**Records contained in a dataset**
───
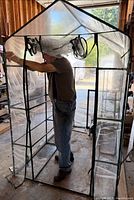 Assembled greenhouse demonstrating size and cover details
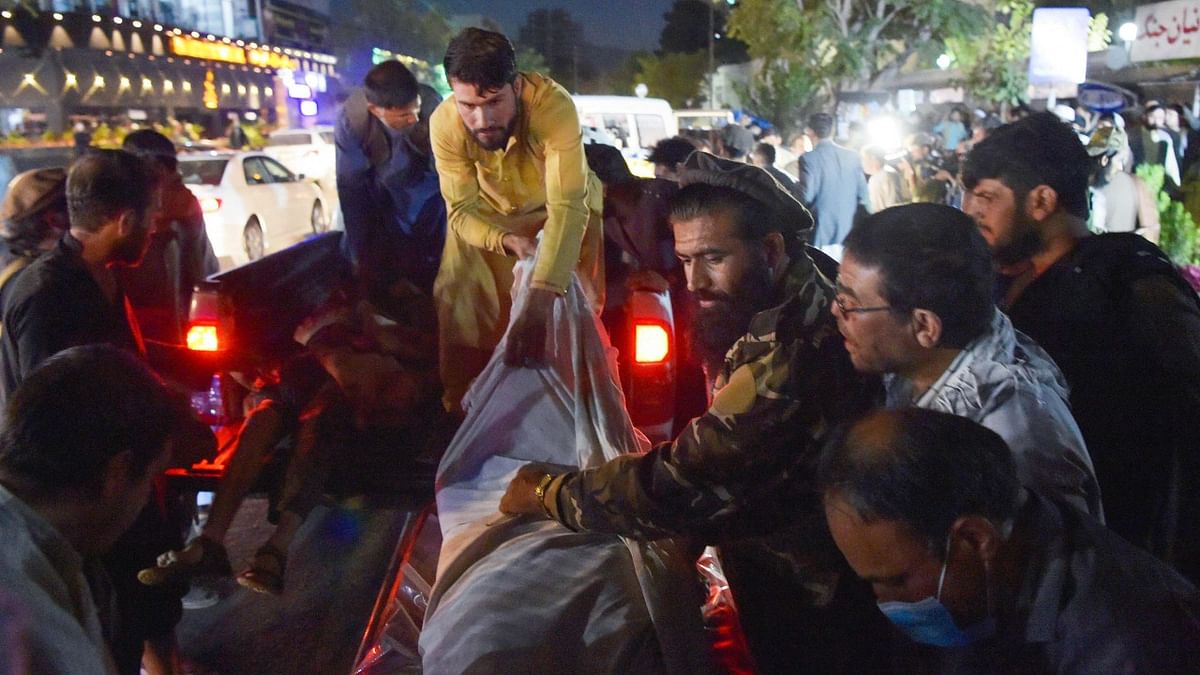 The attack, orchestrated by suicide bombers belonging to Islamic State (IS) left several Afghans, Taliban members and soldiers injured | Credit: AFP Photo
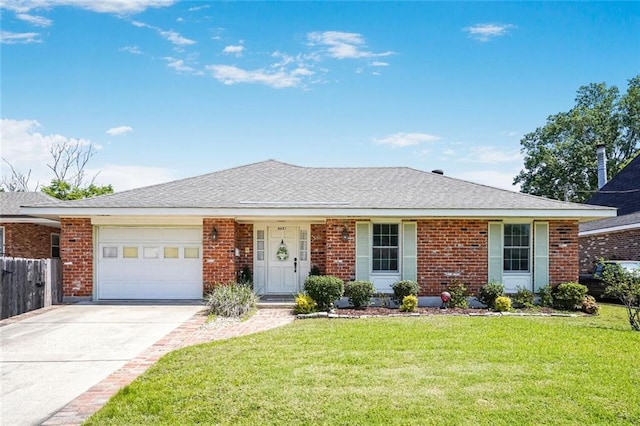 ranch-style home featuring concrete driveway, fence, brick siding, an attached garage, and a front yard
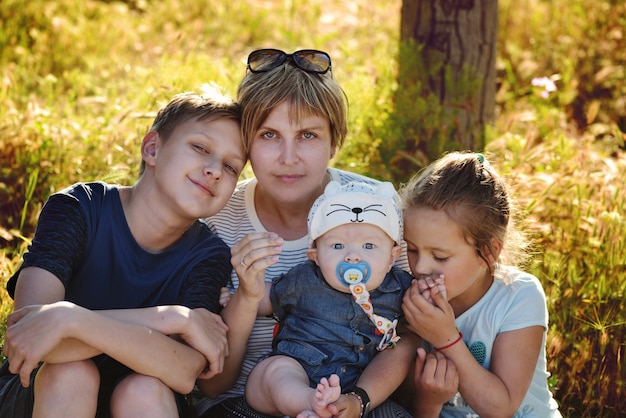 Moeder en drie kinderen in de zomertijd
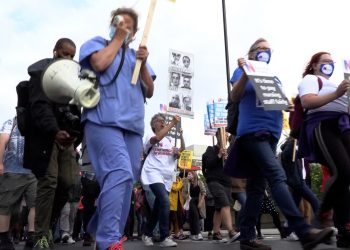 Health workers march to Downing Street, London. Credit;PA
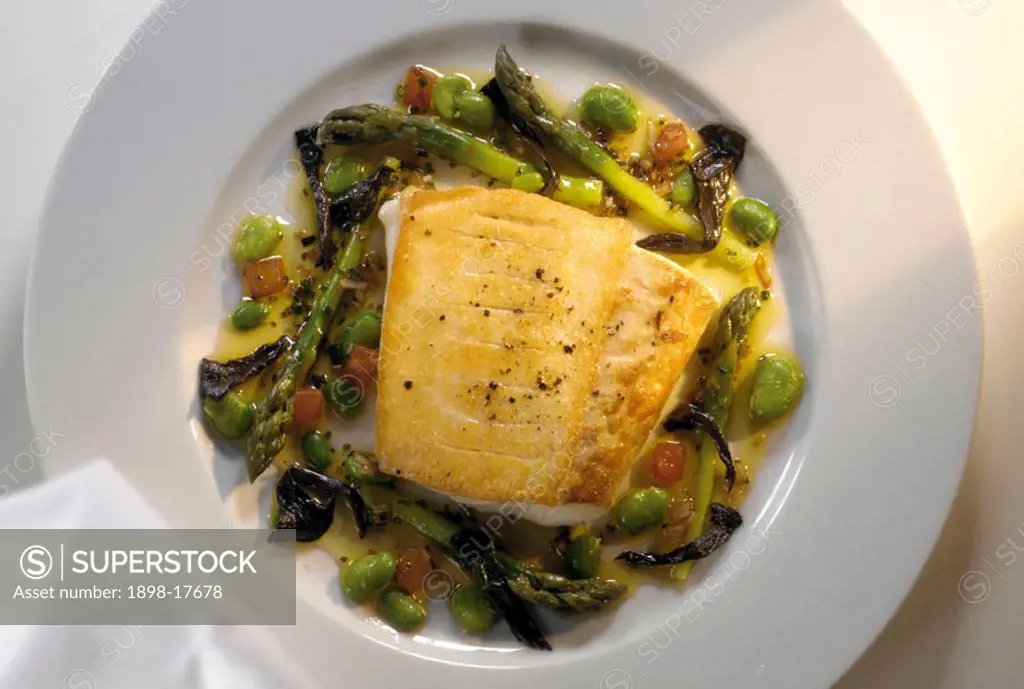 Halibut on bed of asparagus
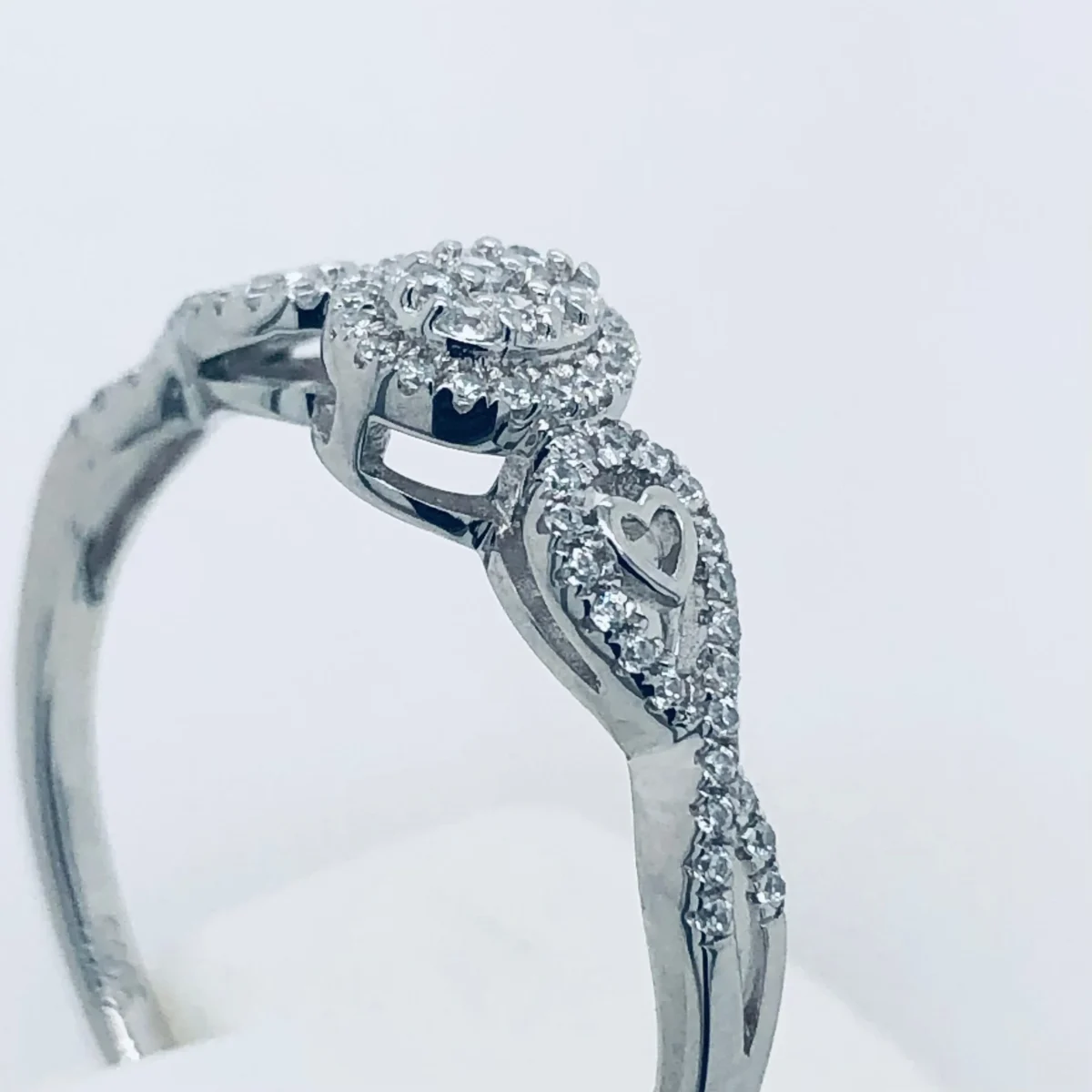Sterling Silver Cluster Ring With Cubic Zirconia Setting and Crossover Band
───
**YOUR OBJECTIVE**
Start with the line that holds "The attack, orchestrated" and retype each line through the last one in the data, exactly and without pictures.

**SOLVED EXERCISE**
 The attack, orchestrated by suicide bombers belonging to Islamic State (IS) left several Afghans, Taliban members and soldiers injured | Credit: AFP Photo
 ranch-style home featuring concrete driveway, fence, brick siding, an attached garage, and a front yard
 Moeder en drie kinderen in de zomertijd
 Health workers march to Downing Street, London. Credit;PA
 Halibut on bed of asparagus
Sterling Silver Cluster Ring With Cubic Zirconia Setting and Crossover Band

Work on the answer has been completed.